▶ [Work task]:
When you copy from the entries that follow, take only the lines from the one with "第75话 惊天秘密23" down to the one with "Лианы с оранжевыми", keeping both ends and dropping every picture.

▶ [Stored data]:
-----

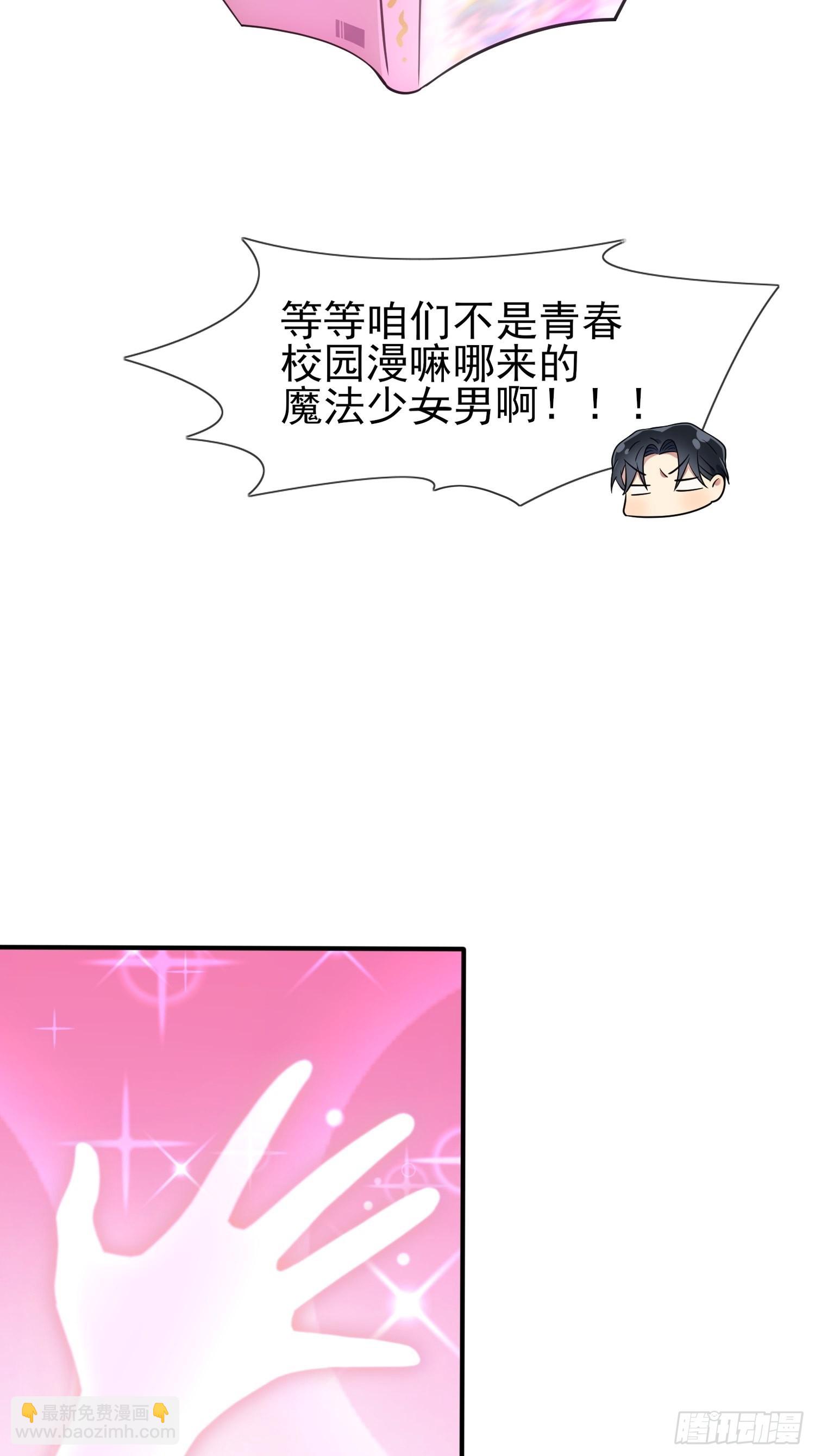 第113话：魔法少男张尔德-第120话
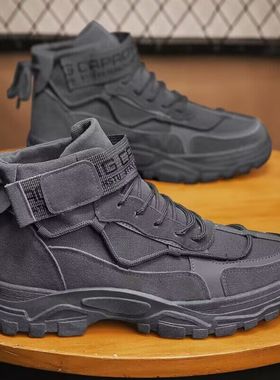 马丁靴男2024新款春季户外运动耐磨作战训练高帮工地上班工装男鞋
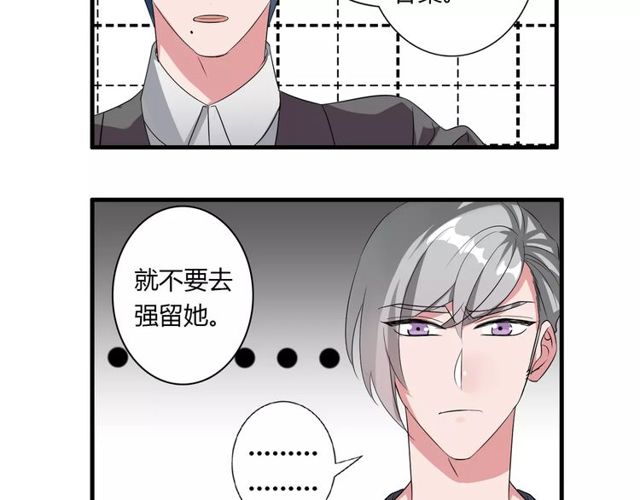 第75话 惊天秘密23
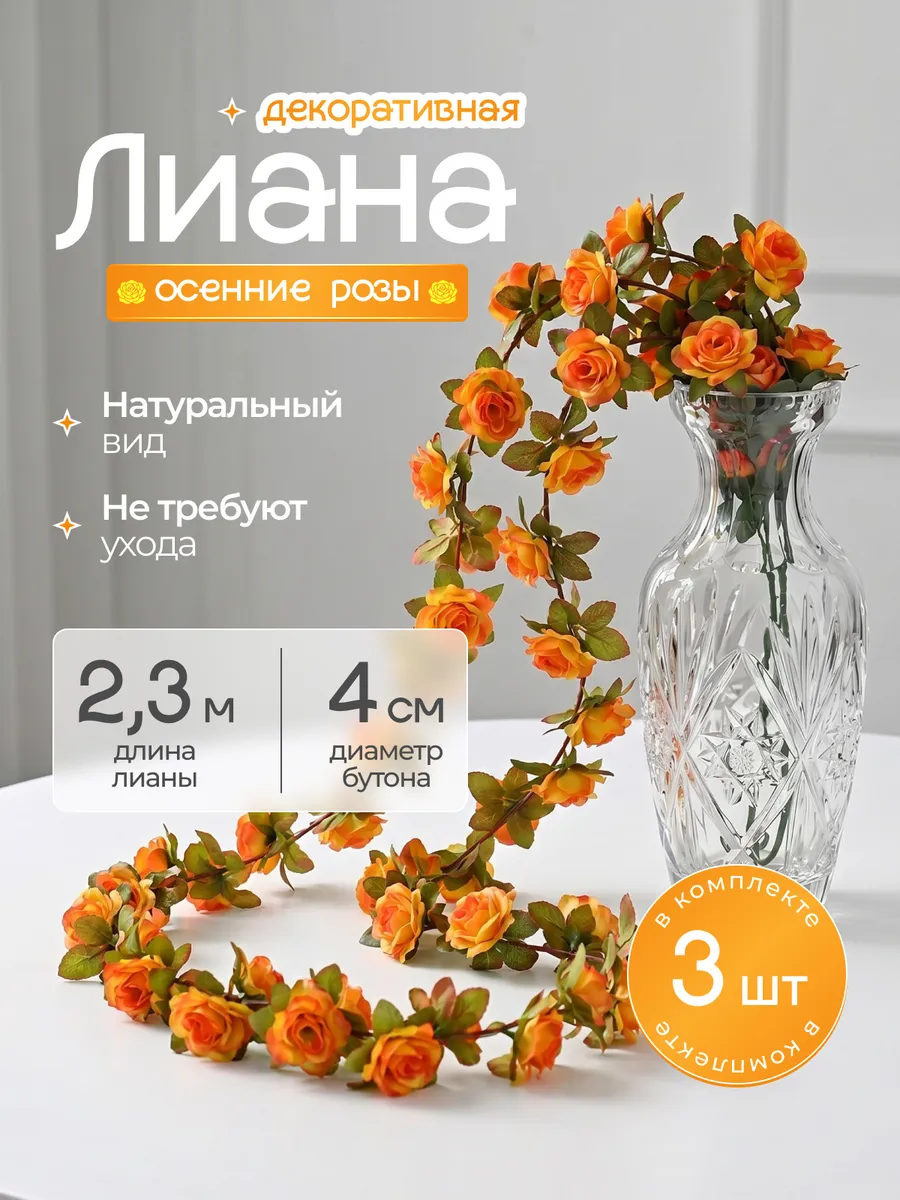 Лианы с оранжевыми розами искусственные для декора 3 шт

-----

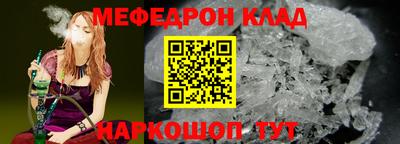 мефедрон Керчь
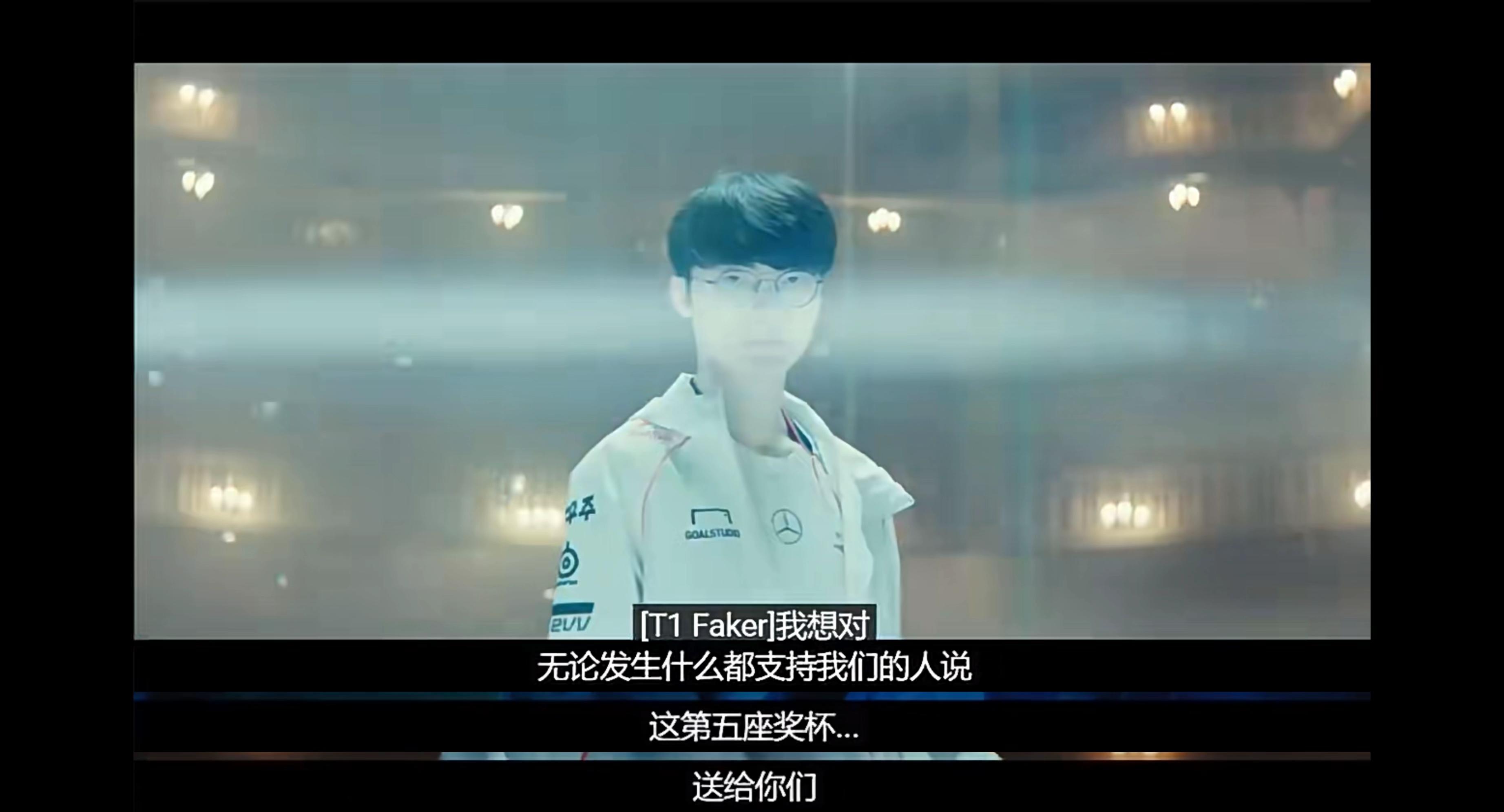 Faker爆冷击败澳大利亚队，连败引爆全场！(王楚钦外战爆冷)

-----

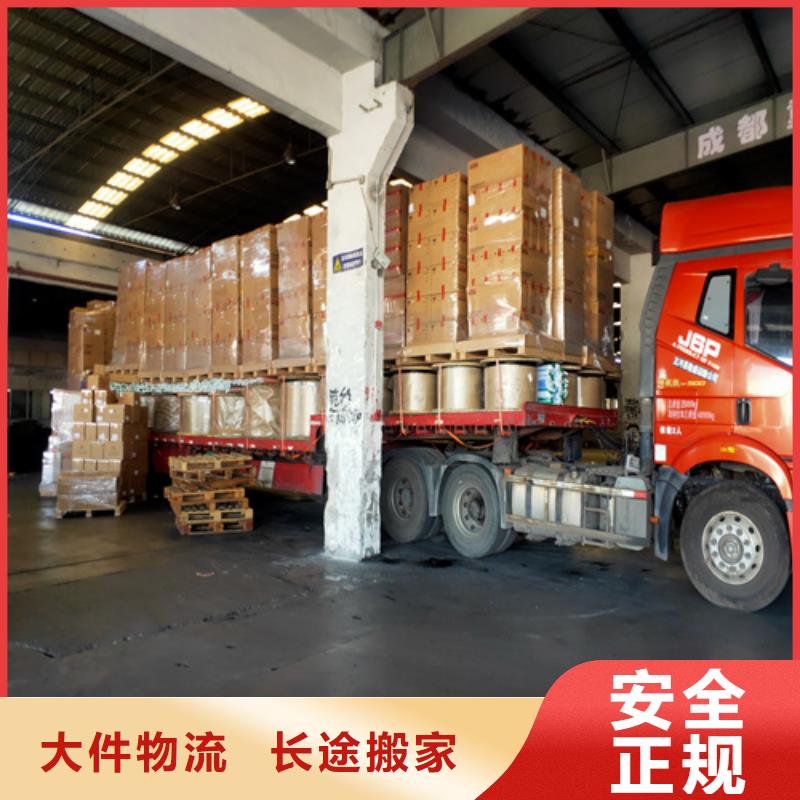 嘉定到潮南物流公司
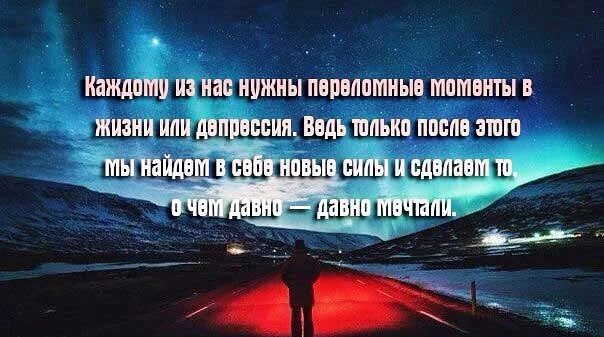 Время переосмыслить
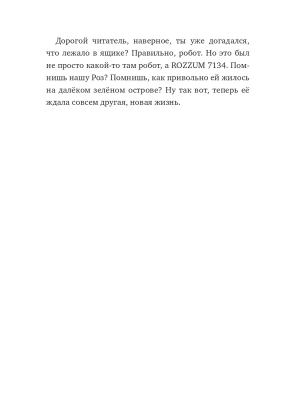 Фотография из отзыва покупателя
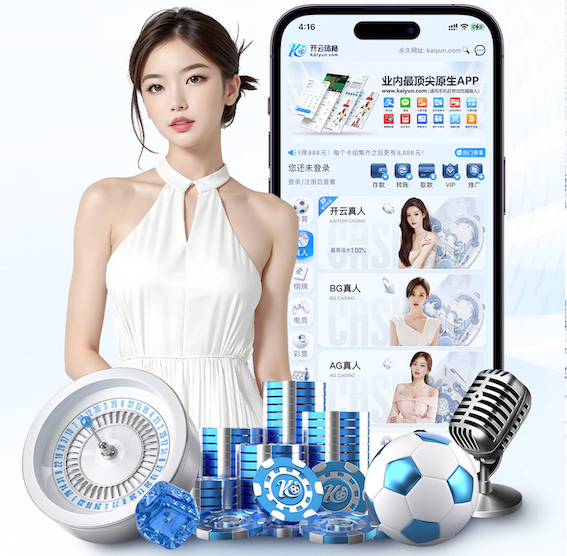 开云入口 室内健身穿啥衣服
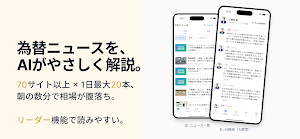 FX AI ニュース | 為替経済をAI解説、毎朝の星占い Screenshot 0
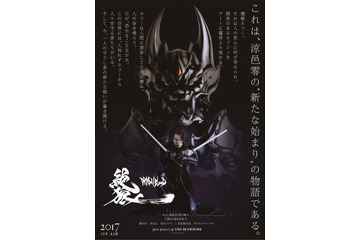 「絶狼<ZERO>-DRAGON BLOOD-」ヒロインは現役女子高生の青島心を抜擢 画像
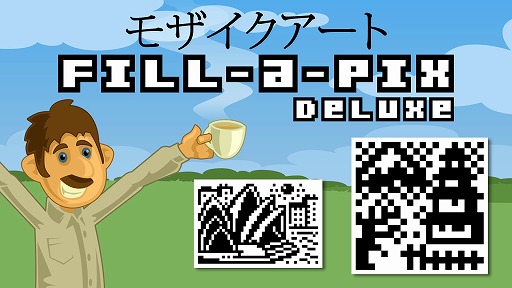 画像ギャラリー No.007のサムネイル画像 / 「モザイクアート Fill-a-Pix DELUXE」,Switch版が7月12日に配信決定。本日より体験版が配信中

-----

▶ [Task solution]:
 第75话 惊天秘密23
 Лианы с оранжевыми розами искусственные для декора 3 шт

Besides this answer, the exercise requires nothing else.